El gigante chino refuerza su dominio mundial en baterías para coches eléctricos tras un año récord de beneficios y expansión tecnológica.

Contemporary Amperex Technology Co., Limited (CATL) ha cerrado 2025 con unos resultados financieros que consolidan su posición como el mayor fabricante mundial de baterías para vehículos eléctricos y uno de los actores más influyentes de la electrificación del transporte.
El grupo chino registró un beneficio neto de 72.200 millones de yuanes alrededor de 9.000 millones de euros, lo que supone un incremento interanual del 42,3%, impulsado tanto por el crecimiento internacional como por el avance de nuevas líneas de negocio como el almacenamiento energético.
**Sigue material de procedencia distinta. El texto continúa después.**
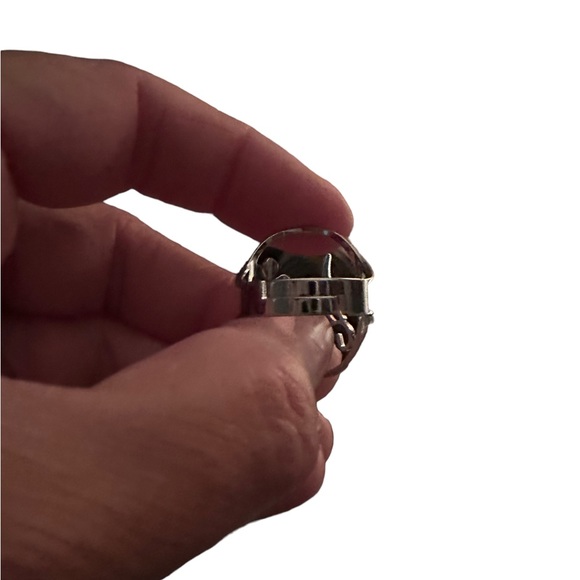 Boho Silver Bird and Flower Hollow Cut Metal Adjustable Ring - Picture 3 of 5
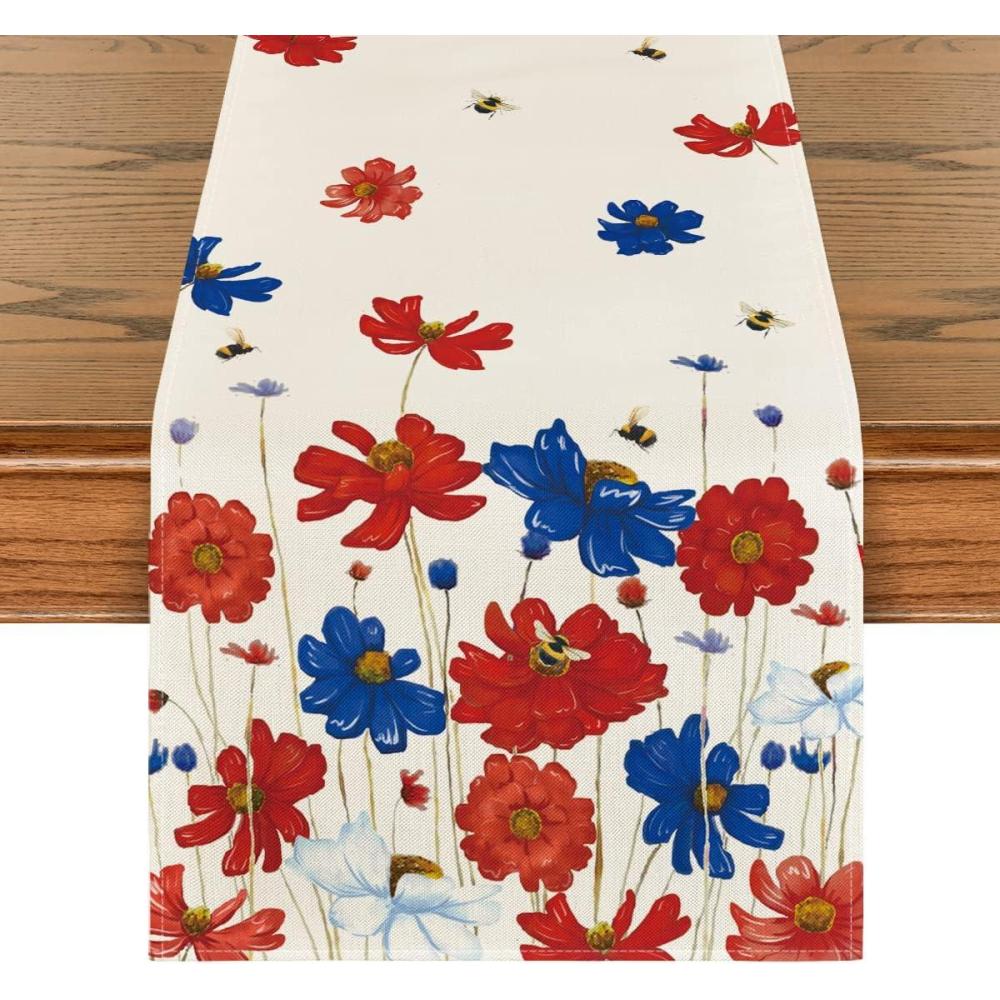 imageArtoid Mode Poppy Floral Bee 4th of July Patriotic Memorial Day Table Runner Independence Day Kitchen Dining Table Decoration for Home Party Decor 13x72 Inch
Los resultados, publicados a comienzos de marzo, superaron las previsiones de los analistas y reflejan el peso creciente de CATL en la cadena de suministro global de la movilidad eléctrica.
La compañía cerró el ejercicio con unos ingresos cercanos a 52.960 millones de euros, un 17% más que el año anterior, mientras que el flujo de caja procedente de las actividades operativas alcanzó aproximadamente los 16.650 millones de euros.
Este desempeño financiero se produjo en un contexto complejo para la industria.
El mercado chino del vehículo eléctrico ha entrado en una fase de ajuste tras varios años de fuerte expansión, mientras que la competencia tecnológica en el sector de las baterías se intensifica a medida que nuevos actores intentan ganar cuota.
Sin embargo, CATL ha logrado compensar esa ralentización mediante su expansión internacional y el crecimiento de nuevas aplicaciones energéticas.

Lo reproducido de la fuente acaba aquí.